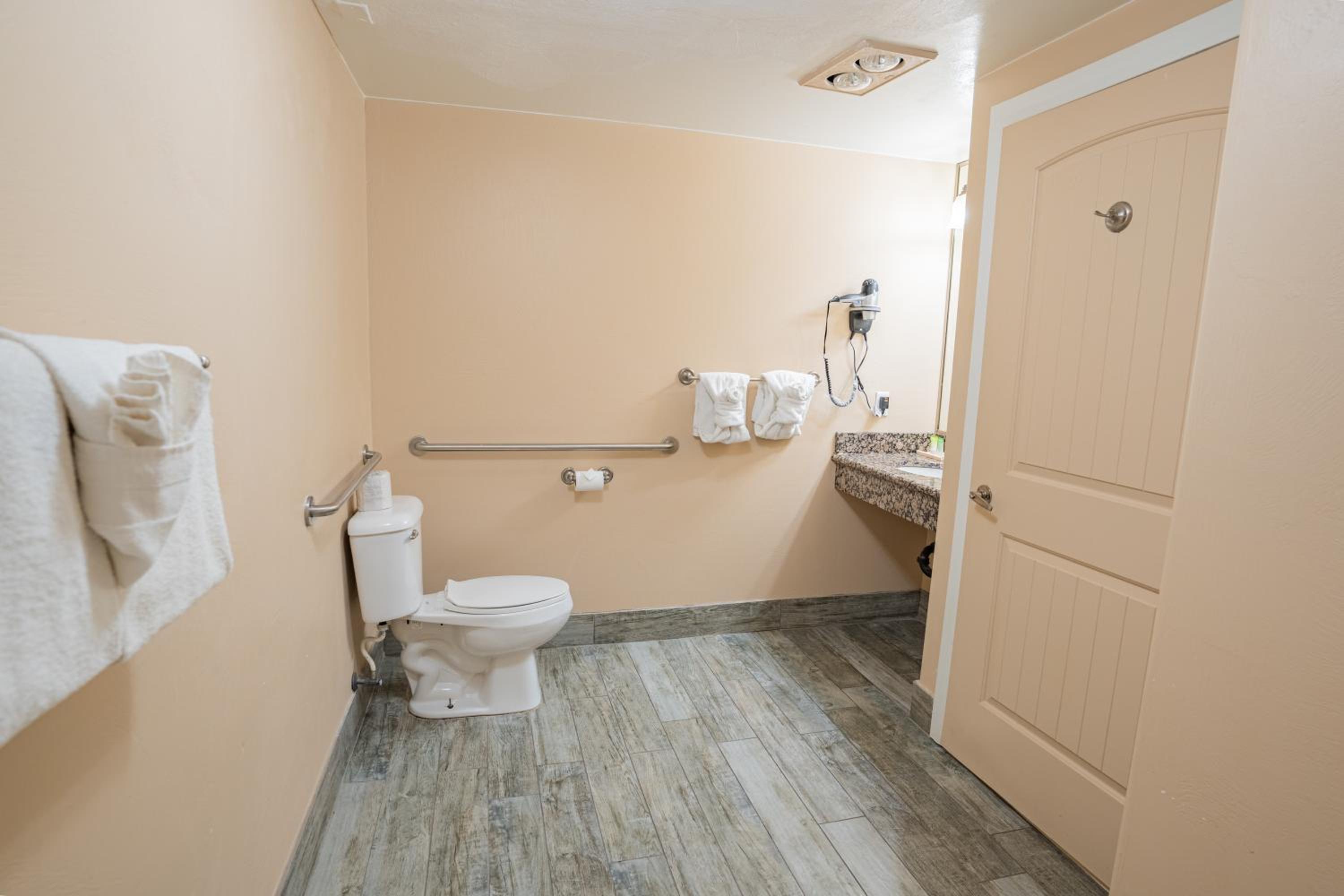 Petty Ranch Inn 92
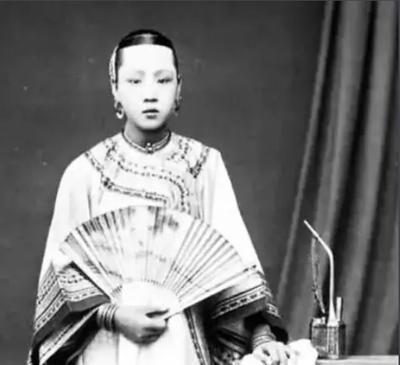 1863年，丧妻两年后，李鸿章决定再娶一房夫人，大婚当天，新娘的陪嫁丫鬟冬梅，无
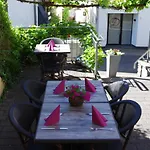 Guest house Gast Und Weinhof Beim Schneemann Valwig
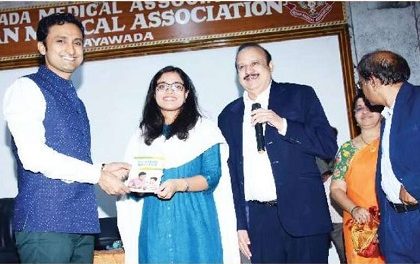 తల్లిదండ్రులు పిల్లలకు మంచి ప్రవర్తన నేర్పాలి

...

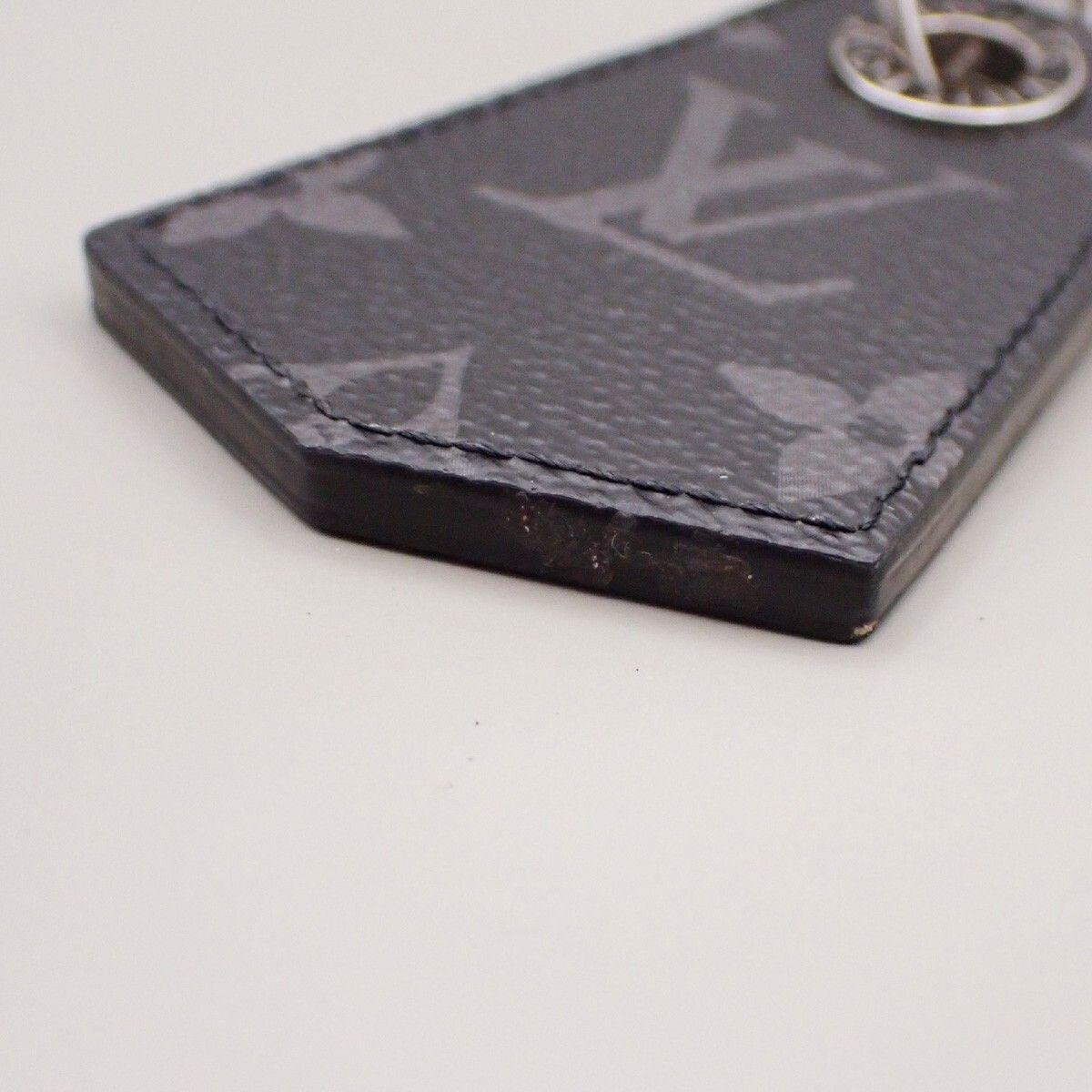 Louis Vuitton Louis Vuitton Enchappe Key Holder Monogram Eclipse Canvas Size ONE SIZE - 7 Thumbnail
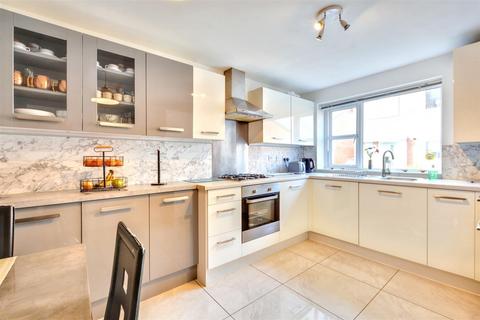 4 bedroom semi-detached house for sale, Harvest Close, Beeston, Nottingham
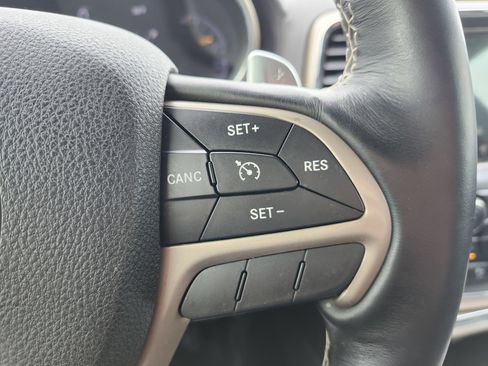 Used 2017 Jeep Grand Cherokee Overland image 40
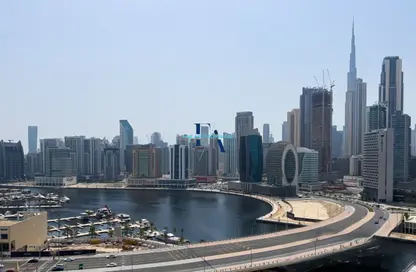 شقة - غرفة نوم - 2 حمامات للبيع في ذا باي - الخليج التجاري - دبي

WORK TASK: Within these entries, output exactly the lines starting at the one with "Guest house Gast" and finishing at the one with "తల్లిదండ్రులు పిల్లలకు మంచి". Leave pictures out of the output.

THE COMPLETED TASK:
 Guest house Gast Und Weinhof Beim Schneemann Valwig
 తల్లిదండ్రులు పిల్లలకు మంచి ప్రవర్తన నేర్పాలి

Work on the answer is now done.